------ TASK MATERIAL
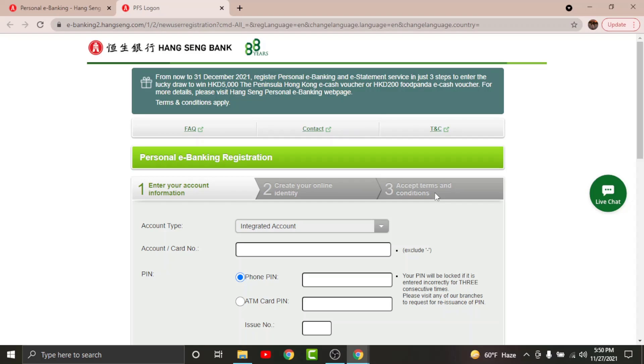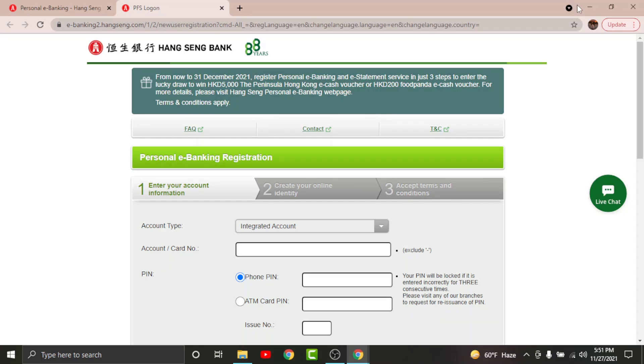Now you'll land on the end page where you have to verify your identity. Follow the prompts and you will have successfully registered for your online banking account on Hang Seng Bank.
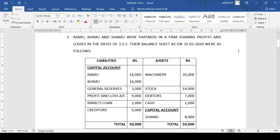Ramu, Bhimu and Shamu were partners in a firm sharing profits and losses in the ratio of 3:2:1. Their balance sheet as on 31-3-2020 were as follows. On the liabilities side we have capital balances of Ramu and Bhimu, general reserves, accumulated profit, Ramu's loan to the firm, and creditors. On the asset side we have machinery, stock, debtors, cash, and the capital account of Shamu.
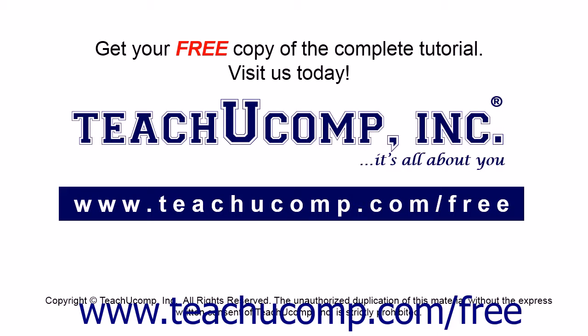Get your free copy of the complete tutorial at www.teachucomp.com/free.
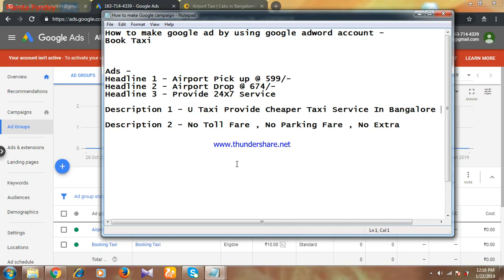Hi everyone, this is Mamsa Pandey. I'm going to take you through how to make a Google ad using Google Adwords account. But before that, I'll request you all to like, share my video, and subscribe my channel to get updates on other topics of digital marketing.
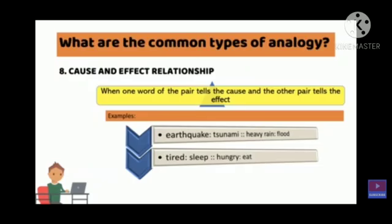And the effect of hungry is eat. So if we find these types of pairs, then there is a cause and effect relationship.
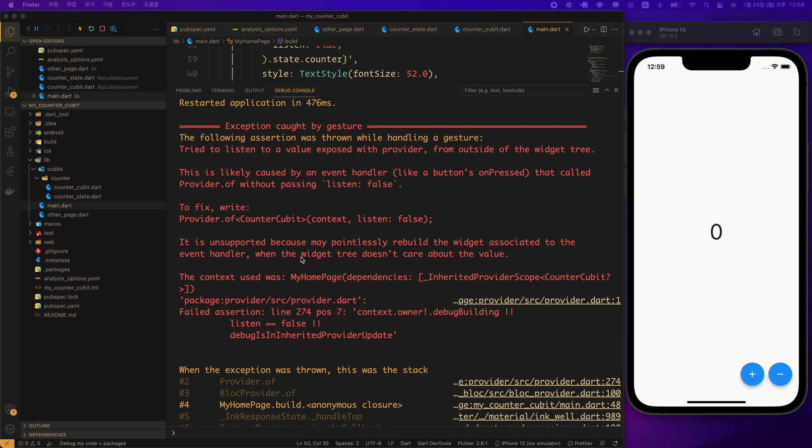And as a solution it says to give the listen false option. However, since the default option is listen false, you just need to remove the listen true option.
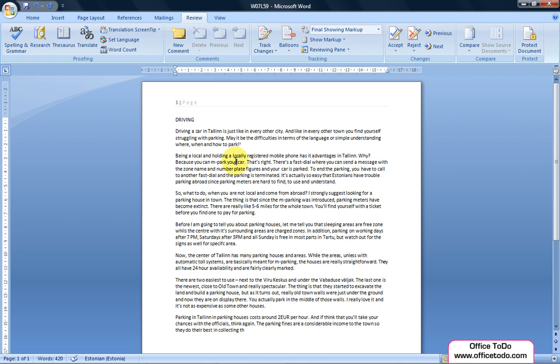How do I know how many words and letters there are in my document? Go to the ribbon under Review, in the Proofing section.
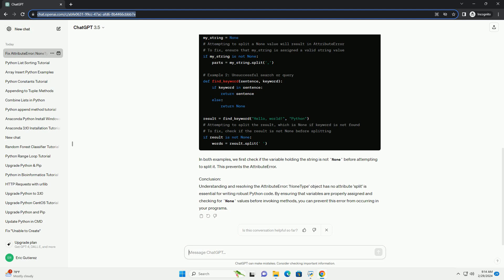Code Example. In both examples, we first check if the variable holding the string is not None before attempting to split it. This prevents the AttributeError.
------------
WHAT IS BEING ASKED: With pictures left out, repeat exactly the lines from the line bearing "Hi everyone, this" through the final line of the records above.

FINISHED TASK:
Hi everyone, this is Mamsa Pandey. I'm going to take you through how to make a Google ad using Google Adwords account. But before that, I'll request you all to like, share my video, and subscribe my channel to get updates on other topics of digital marketing.
And the effect of hungry is eat. So if we find these types of pairs, then there is a cause and effect relationship.
And as a solution it says to give the listen false option. However, since the default option is listen false, you just need to remove the listen true option.
How do I know how many words and letters there are in my document? Go to the ribbon under Review, in the Proofing section.
Code Example. In both examples, we first check if the variable holding the string is not None before attempting to split it. This prevents the AttributeError.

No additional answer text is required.